The uninformed press has categorized Woodbury as a moderate, but his tax policies are extreme. He is a strong supporter of the voodoo economic theory that tax cuts for the rich and corporations, paid for by tax increases on low- and middle-income taxpayers, is good economic policy.

Maine’s tax structure is already significantly regressive and this plan will make it more regressive and unfair. Eliminating the estate tax and cutting the income tax in half results in a group of fewer than 5,000 taxpayers receiving a net tax cut of $45 million. The remaining taxpayers will have a net tax increase of $305 million.

The promoters of the plan estimate that the $700 million increase in consumption taxes (sales and excise taxes) will be offset with cuts to the property tax, income tax and estate tax, with a net Maine tax increase of $160 million.

What they don’t understand is that because Maine’s consumption taxes are not deductible on federal tax returns, but Maine income, property and estate taxes are deductible, the shift in Maine taxes will result in a net $100 million in increased federal taxes. Accordingly, to net a $160 million increase in revenue for the state, the net Maine and federal tax increase from “tax reform” is $260 million.

The “Gang of 11” and their Ph.D. economist don’t seem to understand the interaction of the federal and Maine tax laws or simple math.

There are too many irrational tax policy provisions in the current plan to address in detail, but here are just a few:


The plan gives millions in corporate tax cuts, the vast majority of which go to out of state corporations like Walmart. This policy is even more irrational considering that in 2006 Maine passed a very favorable tax law that greatly reduces Maine taxes on corporations that locate facilities and employees in Maine.

The plan gives millions in estate- and income-tax cuts to a small group of millionaires under the myth that these tax cuts will keep Mainers from leaving Maine. The only credible studies done have shown that states that lower taxes to keep residents from migrating to lower-tax states resulted in significant decreases in net tax revenues.

The plan talks about how the sales-tax increases will be partially paid by nonresidents, but fails to understand that a significant amount of income-tax and estate-tax cuts will benefit nonresidents.
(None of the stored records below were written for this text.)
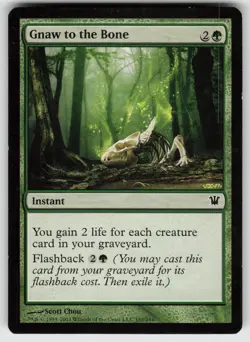 Gnaw to the Bone C Innistrad 183 MTG - Image 1
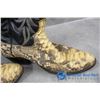 Image 5 : Genuine Snakeskin Boots - Size 9.5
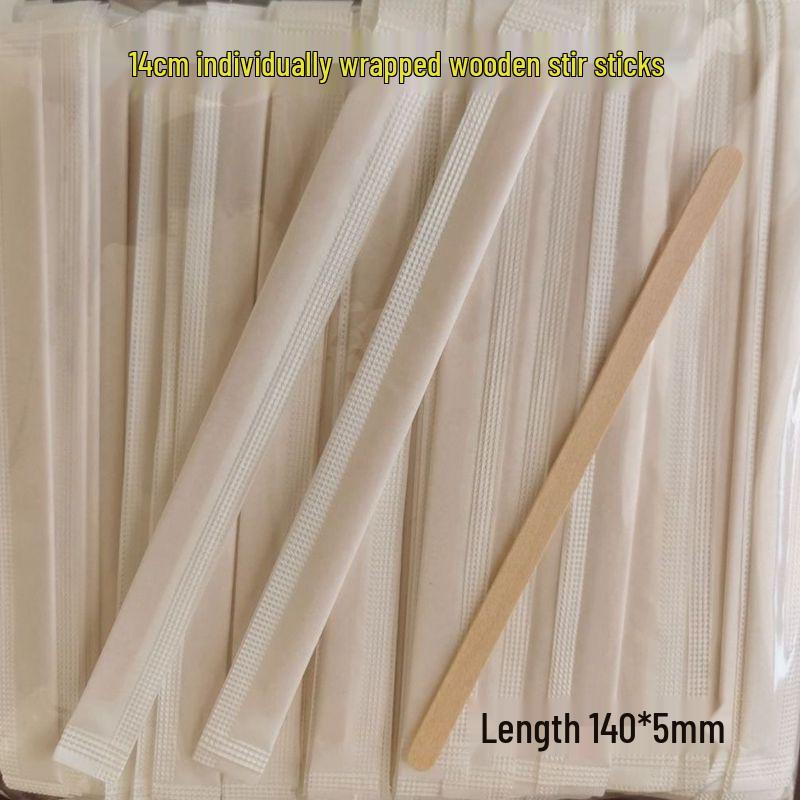 Disposable Wooden Ice Cream Tasting Spoons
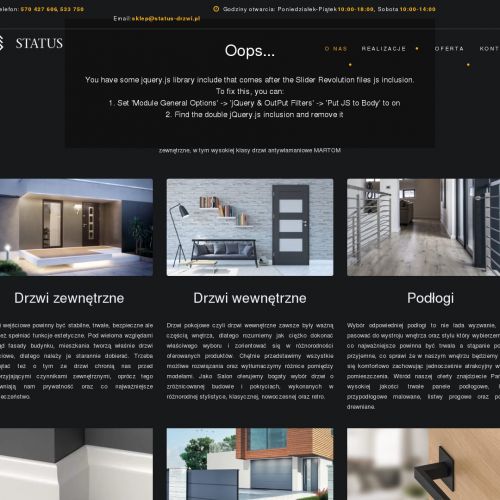 Drzwi warszawa ochota - Pruszków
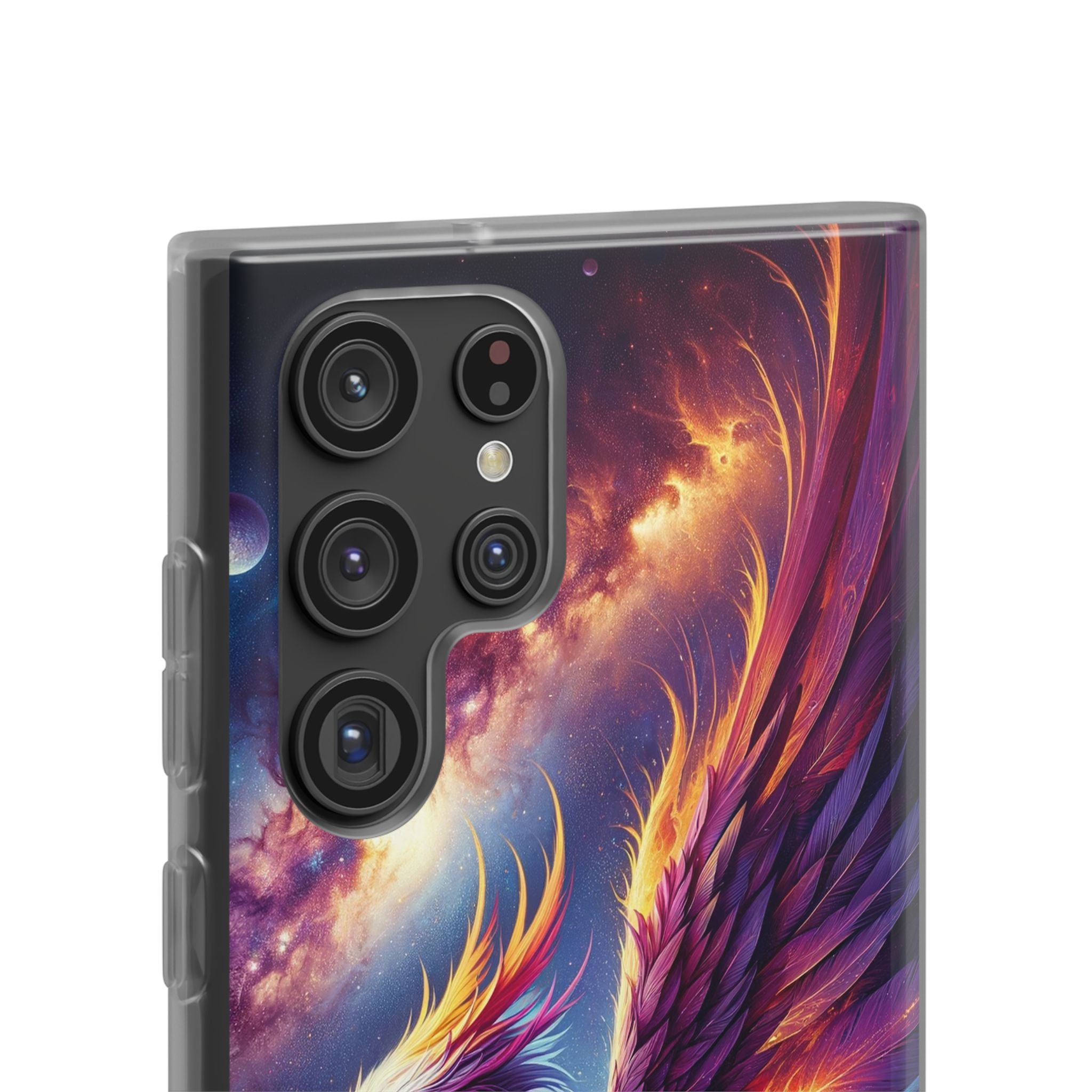 Purple Phoenix - Flexi Case (Samsung only)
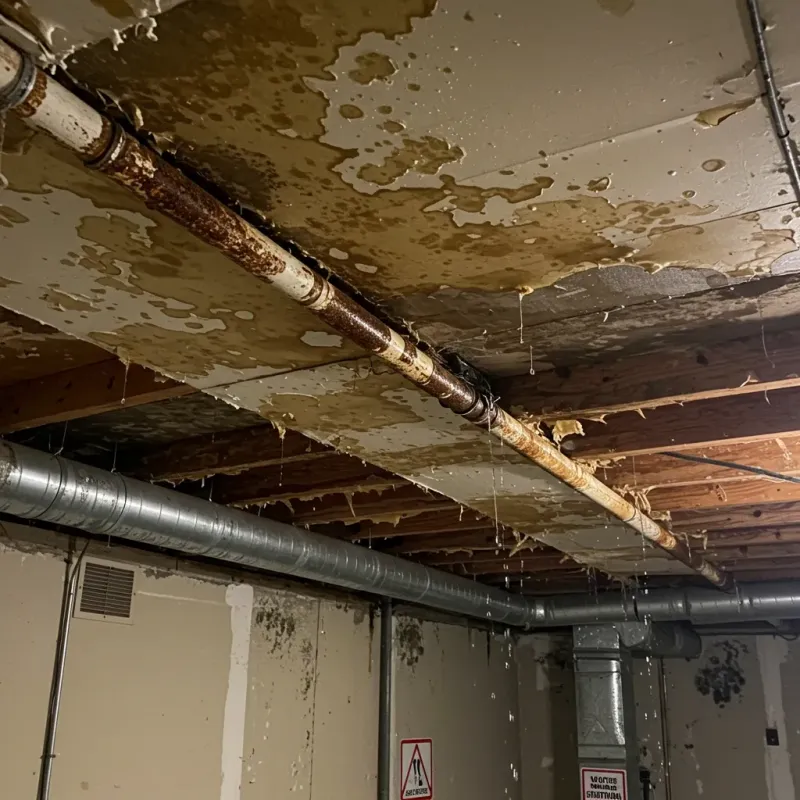 Ceiling Water Damage Repair in Eagle River, WI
The plan includes taxing Social Security benefits, which are currently not taxed in Maine. For most retirees, taxing Social Security would more than offset the lowering of the income-tax rate.

The plan eliminates itemized deductions, which will result in many elderly taxpayers with high medical deductions having an income-tax increase. The elimination of all itemized deductions will also cause many middle-income taxpayers to have an income-tax increase.

The plan will cause significant consumption-tax increases for over 100,000 low-income taxpayers who don’t currently file an income-tax return. Maine Revenue Services has estimated in the past that at least 50 percent of these taxpayers will not file a return to get a refundable tax credit like under this plan.


The 45 percent increase in consumption taxes will drive even more Mainers near the N.H. border to shop in that state.

This “tax reform” plan has been proposed in part to raise $160 million as an alternative to the governor’s budget that reduces revenue sharing to the cities and towns and will result in increased property taxes. Because consumption taxes are both more regressive than property taxes and not deductible, increasing them to lower property taxes is irrational.

The only rational alternative to the governor’s budget is to reverse a portion or all of the income- and estate-tax cuts passed in 2011 that take effect in 2013.

Albert DiMillo is a former accountant who lives in South Portland.